Elle disait qu'elle ne voulait pas souffrir. Elle ne voulait pas que son entourage ait à souffrir de son handicap, de la dégradation.


Elle avait peur que la maladie occupe toute la place. Elle voulait que même si l'issue était fatale, cela ne devienne pas une fatalité. Qu'on ne parle plus que de cela tout le temps. Qu'on perde l'écoute et la patience avec ses enfants. Qu'on soit dans la maladie et non plus dans la vie. Elle disait qu'elle avait peur que tout ne soit plus que maladie. Qu'on vienne la voir et ne lui parle plus que de cela, qu'on ne voie plus en elle qu'une personne malade, ne faisant déjà plus partie du même monde. Elle voulait qu'on vienne la voir non par commisération mais qu'on lui apporte ce qui pétille, ce qui nourrit, ce qui danse.

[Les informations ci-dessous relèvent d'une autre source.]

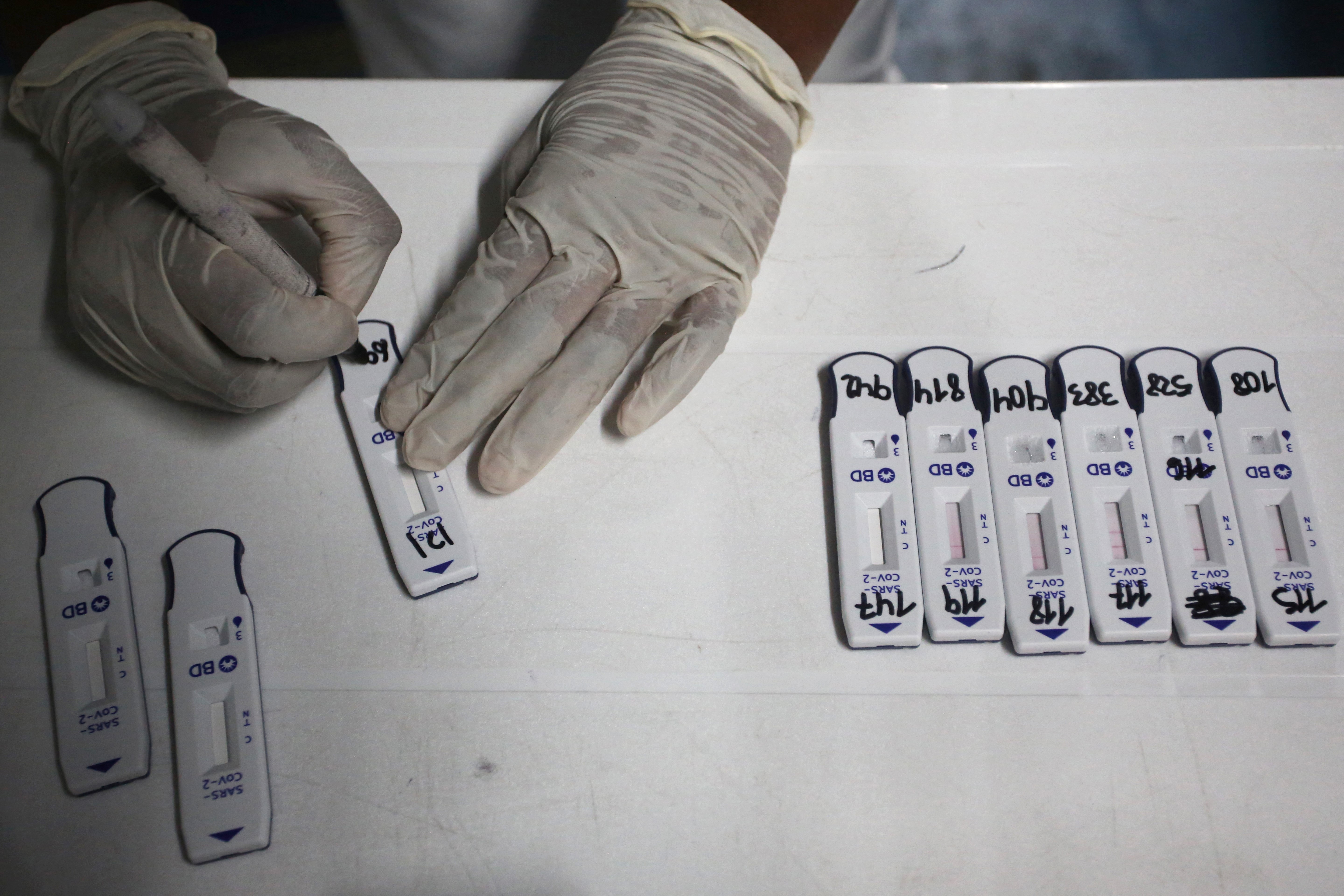 Pese a aumento de casos global por ómicron, las muertes por covid siguen bajando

On s'aide mieux à faire face à la maladie si on la regarde en face. Elle préférait qu'on lui dise tout pour pouvoir mieux lutter.

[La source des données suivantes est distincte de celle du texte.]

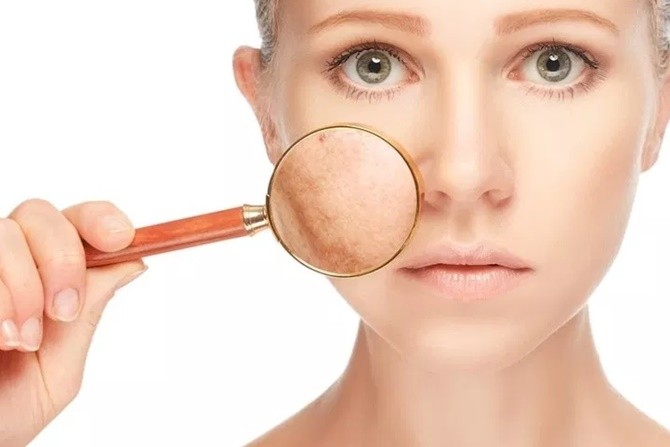 Penjelasan Medis Fase Luteal, Saat Perempuan Merasa ‘Jelek’ Sebelum Menstruasi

Elle avait peur d'aller habiter le pays ombreux.

Ce qui aide, les enfants et la montagne, la lumière. Sentir qu'on possède un corps et qu'il vit. Parce qu'à l'hôpital, tout était vide, elle n'avait plus d'énergie, elle n'était plus rien, le corps ne lui appartenait plus, il appartenait à la médecine. Elle n'en parlait plus qu'à la troisième personne.

Elle disait qu'on n'avait pas le temps d'avoir peur. Une boule sous les doigts, certainement rien, mais il fallait faire une échographie. « Faut pas laisser ça comme ça », « Mais qu'est-ce que c'est ? » « Il faut faire une biopsie ». C'est la gynécologue qui avait annoncé le cancer. « Vous allez rentrer dans un tunnel qui sera noir mais vous vous en sortirez. Vous vous en sortirez! ». Tout était allé très vite. Juin la consultation, juillet la chimio déjà. Un cancer galopant. 8 chimios — on perd tous les poils, on maigrit, ressemble à une petite fille. Le plus dur, c'était d'avoir ce regard vide. Quand, à la fin de la chimio, le médecin parla d'ablation, ce fut le choc. « La première fois, quand on m'avait expliqué le chemin, on m'avait déjà prévenue mais il y a trop d'informations, on peut pas tout supporter, je n'avais pas pu entendre.
Ce que je sais vraiment maintenant, c'est que ce qui ne tue pas rend fort.
Maintenant, je suis plus dans la lumière.
Je déteste ne pas savoir. Je préfère savoir. Quand on ne sait pas, on ne peut pas agir.
Je suis rentrée dans un tunnel. On y va petit à petit : des chimios, des rayons, puis l'ablation. Quand c'est fini, c'est comme un baby blues. Vous étiez au centre d'un réseau, tous ces gens travaillent ensemble, ça a rythmé votre vie, toutes les trois semaines, puis de moins en moins et finalement on est lâché dans la nature
Le ici et maintenant. Avant, je bougeais beaucoup beaucoup, je disais dans 6 mois. Maintenant je suis beaucoup dans le présent. Je me pose. Je forme des projets, bien sûr, mais je lis beaucoup sur la pleine conscience, j'apprends à me connaître. Je regarde les nuages, vois leurs formes variées et me nourris de cela. Les gambades d'un écureuil, les odeurs, les bruits, les paysages, la contemplation de la nature. J'ai appris que j'avais un jardin intérieur. Ce qui est dur dans l'humain c'est de devoir passer par ces moments si durs pour être sur un bon chemin.»



Elle se demanda quelles pourraient être, désormais, les images qui dialogueraient avec ce texte, étant donné que les photographies originelles étaient soumises au droit à l'image, les modèles n'ayant autorisé la diffusion de leurs portraits que lors de l'installation d'octobre 2010. Elle prit rapidement conscience que ce texte avait fonctionné avec les photographies d'alors et qu'il valait mieux inventer un nouveau projet, autre, ici et maintenant.